Janet Yellen, the US Treasury Secretary, has called on the EU to join the US in imposing restrictions on low-cost Chinese exports of green technologies such as solar panels and wind turbines. Yellen emphasized the need for a united approach against China's industrial policies, which she views as a threat to global industries. She also urged German banks to enhance compliance with sanctions against Russia, warning of severe consequences for non-compliance, including restricted access to the US dollar.
Meanwhile, the European Commission President, Ursula von der Leyen, indicated that the EU might soon impose tariffs on Chinese electric vehicles following an investigation into China's state subsidies. However, the EU aims to adopt a different approach than the US, focusing on proportionate responses rather than extensive tariffs. The EU's strategy involves investigating over 20 trade sectors to influence China's trade practices while avoiding full-scale trade wars.

Janet Yellen emphasized the serious repercussions for German banks if they fail to adhere to sanctions against Russia. She warned that non-compliance could lead to significant penalties for these banks, including the possibility of being cut off from accessing the US dollar. This measure would severely impact their ability to operate internationally, underscoring the importance of strict adherence to the sanctions to avoid these drastic consequences.

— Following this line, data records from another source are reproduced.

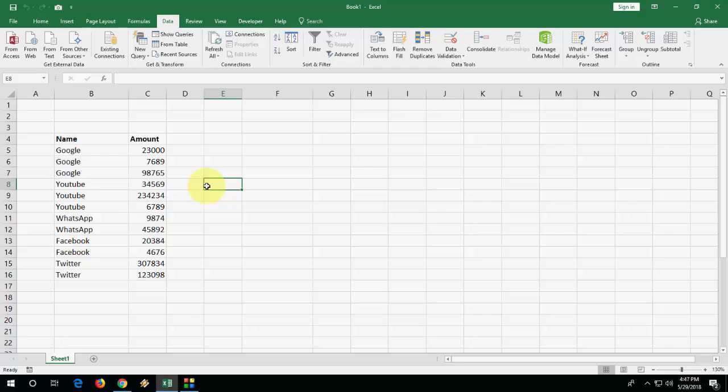So this is an easy way to make a subtotal in Microsoft Excel. Thank you for watching. Catch you next video. Please like, share and subscribe. Thank you very much, guys.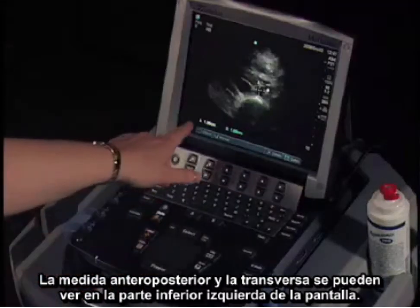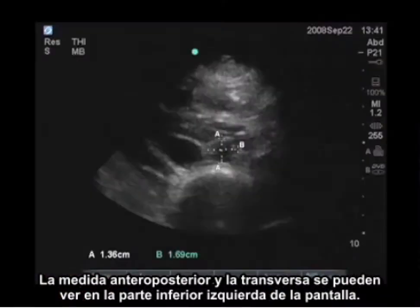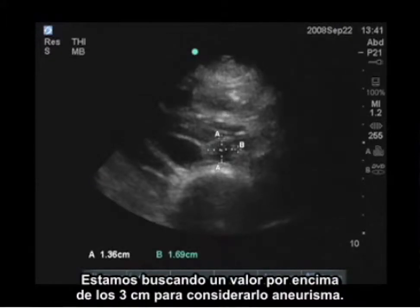The measurement is displayed on the bottom left of the screen, and in this case, our measurement is 1.36 centimeters by 1.69 centimeters. We're looking for a value of over 3 centimeters to be considered aneurysmal.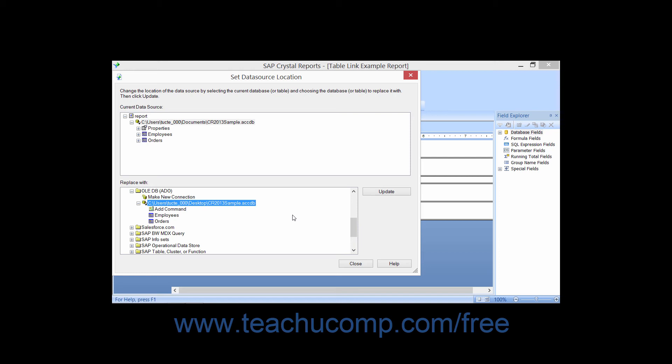Once you have the tables you wish to change selected, click the Update button on the right side of the dialog box. Unless the tables you've switched have identical field names, you'll need to use the Map Fields dialog box to remap the data fields within the report. If they have the exact same names, simply clicking the Update button is enough.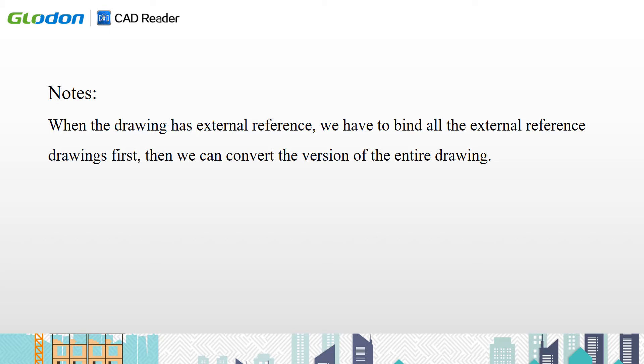Note, when the drawing has external references, we have to bind all external reference drawings first. Then we can convert the version of the entire drawing.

Janet Yellen defended the imposition of 100% tariffs on Chinese products by emphasizing the strategic necessity of responding to China's industrial policies, which she views as a significant threat to the viability of businesses in the U.S. and globally. She argued that without a united and strategic response, the aggressive expansion and undercutting practices of Chinese industries could jeopardize the economic stability of businesses in the U.S. and other countries. Yellen's justification centered on the need for a coordinated approach among Western allies to effectively counteract China's market practices, which are considered detrimental to international trade norms and economic fairness6.